J’irais en train jusqu’à l’extrémité
existante des voies ferrées – pour prolonger les rails, au
bénéfice et à l’usage de tous. J’ai bien
l’honneur… Bonne route.
Je
l’ai planté là sur la route et alors, je me rappelle,
j’étais très satisfait de moi, de lui avoir vidé mon
sac. J’avais bien des années de moins que maintenant, et mon
âme était pleine de la pensée du progrès et de
l’épanouissement humain.
Et
de leur espoir aussi – que vaut la conviction la plus flamboyante, sans
l’espérance ?
Aujourd’hui
– qui sait ?
D’où
me venait cet espoir ?
De
l’hypothèse naïve que le salut est assuré par des valeurs – des biens positifs, des
différences mesurables entre le parfait et l’imparfait.
Force,
esprit, beauté, génie, comme ayant manifestement une plus grande valeur, autant de
qualités capables de vaincre la faiblesse, l’inertie, la laideur,
la stupidité, même dans la rude compétition que celles-ci
provoquent.
Un
avion file au-dessus de ma tête…
Oui
mais j’ai récemment rencontré le frère du pilote
hongrois qui s’est volontairement noyé dans l’eau d’un
fossé, parce que dans les conditions actuelles il voyait son avenir
personnel sans espoir.
Un
autre court après une bouchée de pain – un troisième
ne supporte pas son milieu mesquin, envieux.
L’homme-oiseau
est né, mais l’homme-oiseau est triste là-haut parce
qu’il devra atterrir au sol où des gens s’entre-déchirent,
de lourds soucis les oppressent, l’air empeste l’odeur de batailles
et de boues.
Force
virile, muscles gonflés, lame du sabre qui ne rate jamais son but,
santé ? Tu peux aller faire catcheur au cirque avec ça, acrobate
ou footballeur professionnel, tout comme au temps des Césars – qui
s’intéresse plus que Sergiolus[2] aux
"muscles déchiquetés d’un gladiateur" ? Du
spectacle – davantage, le laurier n’est plus à la mode,
alors que l’argent… ?
Les
chétifs et les ventrus sourient dans leur barbe.
Beauté ?
Oui,
oui, on en veut ! On en veut par douzaines, il en faut dans la revue nue.
Esprit ?
Alors
– c’est peut-être effectivement la volonté brute, sans
esprit, sans beauté, la volonté obscure sans raison, sans objet, qui conduit quelque part,
même si elle va à reculons.
Deux
vers de Babits :
« … Viendra un jour une route sur rien,
rêve sur l’eau. »[3]
Pesti Napló, le 24 mai 1931.
[1] Hermann Oberth (1894-1989).
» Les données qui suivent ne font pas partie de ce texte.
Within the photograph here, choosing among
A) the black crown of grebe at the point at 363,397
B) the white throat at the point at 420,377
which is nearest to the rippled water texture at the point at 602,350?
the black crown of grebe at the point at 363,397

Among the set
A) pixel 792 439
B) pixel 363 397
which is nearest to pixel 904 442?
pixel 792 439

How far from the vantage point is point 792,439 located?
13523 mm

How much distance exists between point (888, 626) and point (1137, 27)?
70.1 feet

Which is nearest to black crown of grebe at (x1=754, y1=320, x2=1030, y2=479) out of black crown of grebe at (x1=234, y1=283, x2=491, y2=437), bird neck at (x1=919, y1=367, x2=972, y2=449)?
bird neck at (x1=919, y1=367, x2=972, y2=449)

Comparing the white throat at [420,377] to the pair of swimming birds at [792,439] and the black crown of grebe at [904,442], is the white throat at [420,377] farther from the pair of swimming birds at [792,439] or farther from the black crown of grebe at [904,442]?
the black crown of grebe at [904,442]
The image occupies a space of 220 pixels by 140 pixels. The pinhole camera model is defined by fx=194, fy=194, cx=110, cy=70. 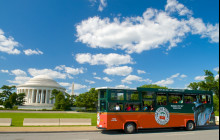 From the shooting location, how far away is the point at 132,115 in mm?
14930

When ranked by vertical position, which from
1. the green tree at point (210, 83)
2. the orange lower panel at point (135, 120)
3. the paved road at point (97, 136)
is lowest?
the paved road at point (97, 136)

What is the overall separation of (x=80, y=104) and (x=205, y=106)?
5671 centimetres

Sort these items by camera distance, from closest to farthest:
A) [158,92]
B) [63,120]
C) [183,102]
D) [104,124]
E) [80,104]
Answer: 1. [104,124]
2. [158,92]
3. [183,102]
4. [63,120]
5. [80,104]

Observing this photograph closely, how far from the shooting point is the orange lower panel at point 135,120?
14339 mm

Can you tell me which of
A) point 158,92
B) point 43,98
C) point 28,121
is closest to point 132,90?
point 158,92

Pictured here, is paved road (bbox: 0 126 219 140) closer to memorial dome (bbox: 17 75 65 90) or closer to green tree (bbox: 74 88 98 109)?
green tree (bbox: 74 88 98 109)

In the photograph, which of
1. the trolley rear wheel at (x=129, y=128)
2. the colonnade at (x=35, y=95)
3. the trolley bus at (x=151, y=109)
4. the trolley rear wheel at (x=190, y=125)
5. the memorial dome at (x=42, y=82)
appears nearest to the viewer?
the trolley bus at (x=151, y=109)

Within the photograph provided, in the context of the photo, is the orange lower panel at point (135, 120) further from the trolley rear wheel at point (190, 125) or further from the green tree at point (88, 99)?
the green tree at point (88, 99)

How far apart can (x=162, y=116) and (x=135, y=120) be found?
2.53 meters

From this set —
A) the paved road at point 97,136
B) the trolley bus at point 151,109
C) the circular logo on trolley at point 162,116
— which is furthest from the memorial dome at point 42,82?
the circular logo on trolley at point 162,116

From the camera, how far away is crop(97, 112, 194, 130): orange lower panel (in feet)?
47.0

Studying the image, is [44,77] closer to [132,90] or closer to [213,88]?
[213,88]

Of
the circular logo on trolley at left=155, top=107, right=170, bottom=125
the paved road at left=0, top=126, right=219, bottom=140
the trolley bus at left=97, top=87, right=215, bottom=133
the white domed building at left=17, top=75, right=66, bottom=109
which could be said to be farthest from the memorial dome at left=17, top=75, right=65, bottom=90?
the circular logo on trolley at left=155, top=107, right=170, bottom=125

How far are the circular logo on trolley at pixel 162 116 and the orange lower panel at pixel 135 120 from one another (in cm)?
13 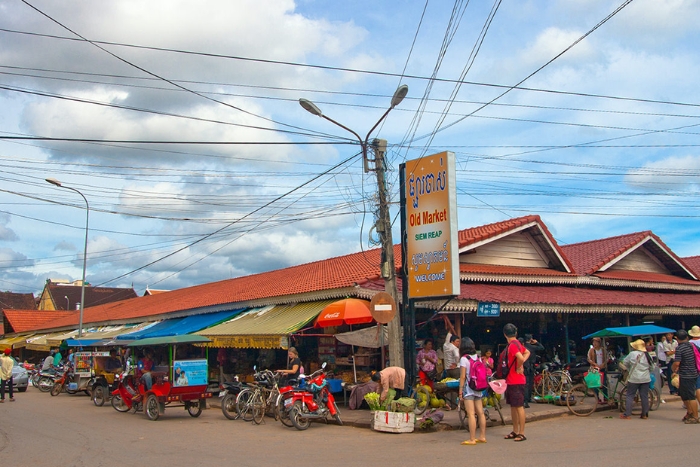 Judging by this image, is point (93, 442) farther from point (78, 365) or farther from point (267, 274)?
point (267, 274)

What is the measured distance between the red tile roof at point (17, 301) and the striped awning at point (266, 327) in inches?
2572

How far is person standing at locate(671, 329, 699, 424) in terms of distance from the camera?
37.9 feet

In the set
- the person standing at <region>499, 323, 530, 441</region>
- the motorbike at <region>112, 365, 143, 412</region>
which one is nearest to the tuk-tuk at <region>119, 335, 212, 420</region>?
the motorbike at <region>112, 365, 143, 412</region>

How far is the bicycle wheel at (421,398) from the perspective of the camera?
42.5 ft

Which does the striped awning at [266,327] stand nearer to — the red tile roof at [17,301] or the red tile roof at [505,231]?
the red tile roof at [505,231]

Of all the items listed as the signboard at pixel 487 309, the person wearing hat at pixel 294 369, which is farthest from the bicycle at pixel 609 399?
the person wearing hat at pixel 294 369

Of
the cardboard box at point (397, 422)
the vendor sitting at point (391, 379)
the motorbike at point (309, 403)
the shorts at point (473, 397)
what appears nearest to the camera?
the shorts at point (473, 397)

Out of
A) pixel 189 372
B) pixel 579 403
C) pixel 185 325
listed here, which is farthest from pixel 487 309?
pixel 185 325

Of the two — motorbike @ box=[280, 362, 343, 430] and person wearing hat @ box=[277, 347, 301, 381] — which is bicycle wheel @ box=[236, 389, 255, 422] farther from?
motorbike @ box=[280, 362, 343, 430]

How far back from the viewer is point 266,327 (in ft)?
56.1

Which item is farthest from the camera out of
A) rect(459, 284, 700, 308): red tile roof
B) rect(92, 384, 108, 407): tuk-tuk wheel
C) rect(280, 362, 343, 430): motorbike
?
rect(92, 384, 108, 407): tuk-tuk wheel

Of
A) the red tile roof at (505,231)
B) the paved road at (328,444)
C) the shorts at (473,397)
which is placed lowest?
the paved road at (328,444)

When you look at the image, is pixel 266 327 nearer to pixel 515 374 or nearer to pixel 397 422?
pixel 397 422

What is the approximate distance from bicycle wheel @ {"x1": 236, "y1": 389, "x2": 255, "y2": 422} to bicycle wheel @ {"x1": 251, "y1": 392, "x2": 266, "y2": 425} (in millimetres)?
111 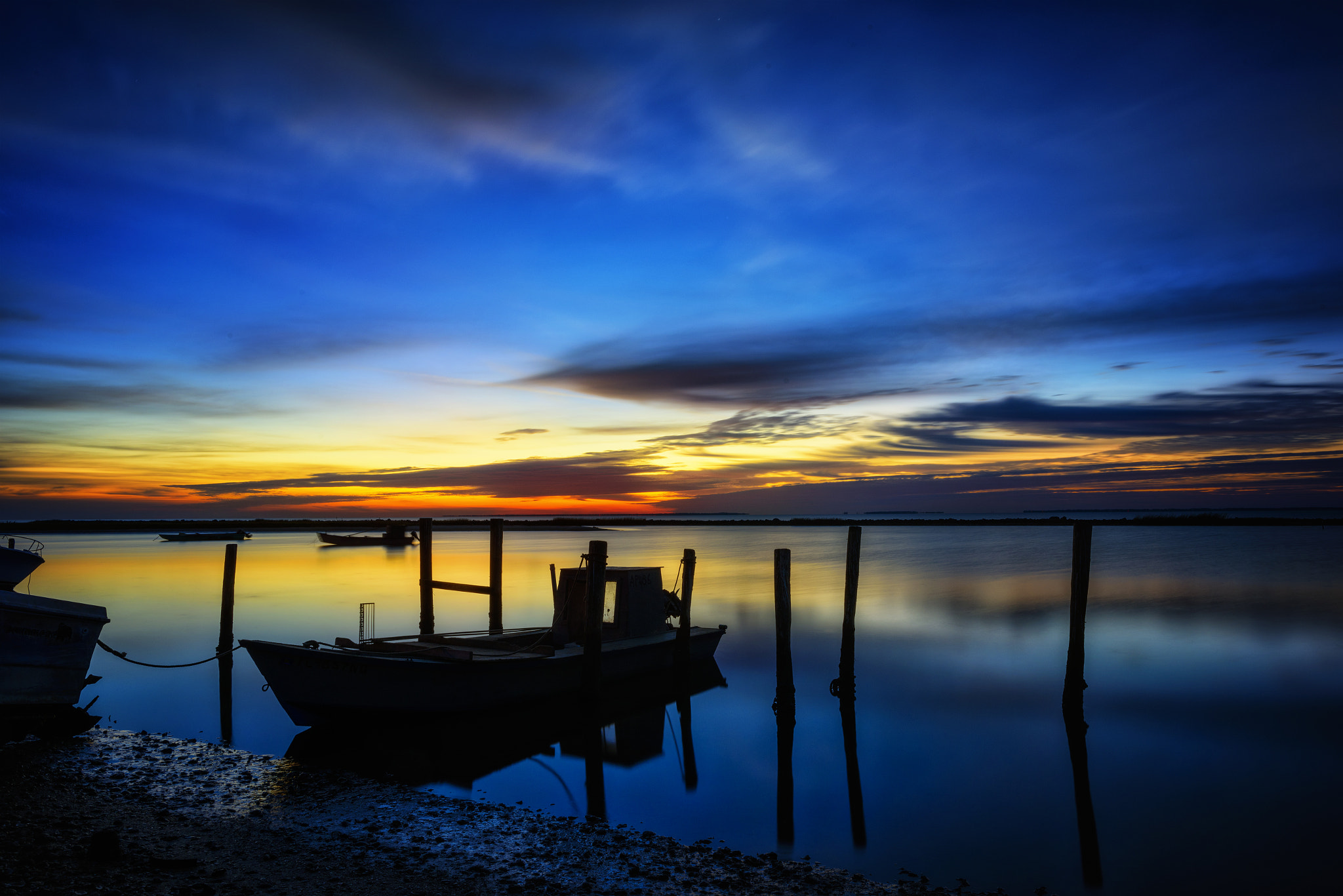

Physicien allemand, spécialiste de l'astronautique, considéré comme l'un des pères fondateurs du vol spatial.
[2] Epia, une épouse de sénateur, abandonna son notable de mari pour suivre un aventurier, Sergiolus, un gladiateur charismatique, malgré son bras tailladé, son nez cassé et son œil poché et l'accompagna jusqu'en Égypte.